On Monday night, I didn't cry, but I asked Mami if she was sure that Ah Kong could see me even if my house was covered with a roof. I couldn't understand how Ah Kong could see through the roof and bricks. Mami was looking a little frustrated, thinking that my conversation will end up for another hour. After some brief explanation from Mami, I decided to ask her other questions.
I then asked her a few questions. I asked her where I would be staying once I have a wife. Would I stay here in my parent's house or another house. Should I stay with my parents or with my parents-in-law? Who will I marry? Should I stay in a condominium or a house like the one I am staying now? How do I get the money to buy a house. Once again, Mami spent about an hour trying to answer my questions and settling me in bed.
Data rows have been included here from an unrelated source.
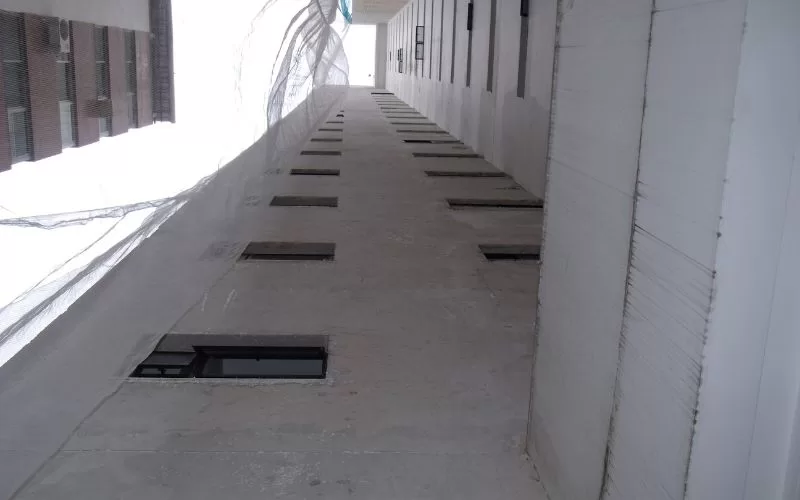 Corredor de edifício com janelas retangulares.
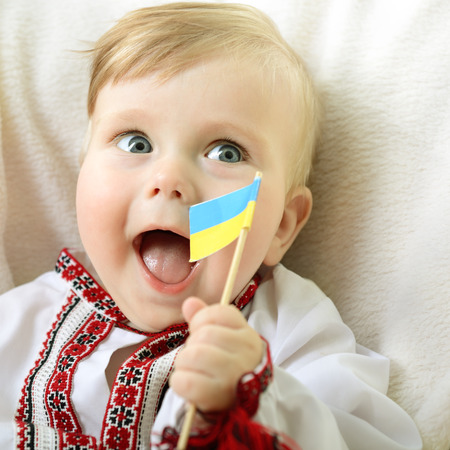 portrait of cute baby boy in national costume plaing with ucrainian flagの写真素材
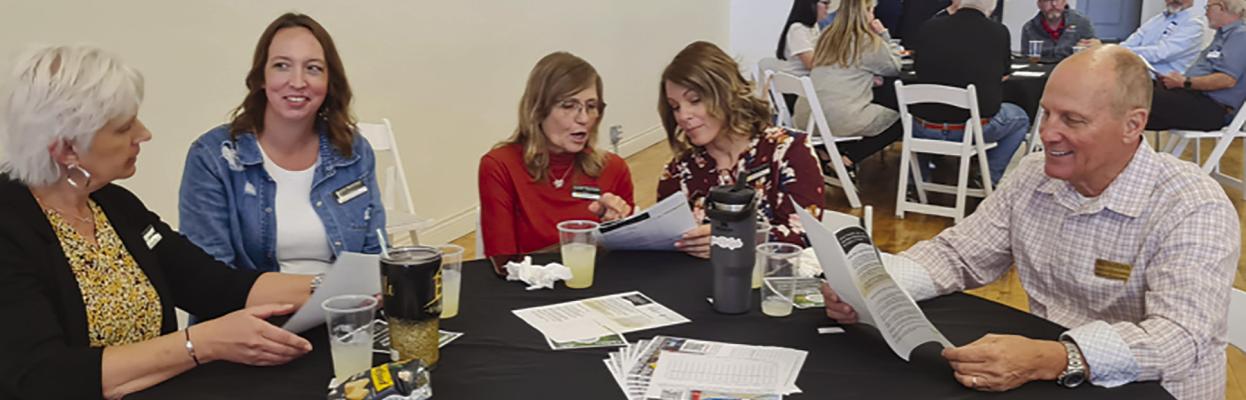 MICHELLE GOODE (from left), April Belcher, Kandi Harrison, Melissa Bartlett and Bill Hightower look over a community survey at the Excelsior Springs Chamber meeting. MIRANDA JAMISON | Staff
On Tuesday night, my episode repeated. I asked the same questions as the night before. Mami tried to brush me off saying that she had explained it the night before. I didn't want to make her frustrated. I immediately asked for her handphone and called my 'all-knowing' grandparents. Mah Mah picked up the phone and attended to my questions.
Mami hopes that I would not ask her the same questions tonight again. I hope so too.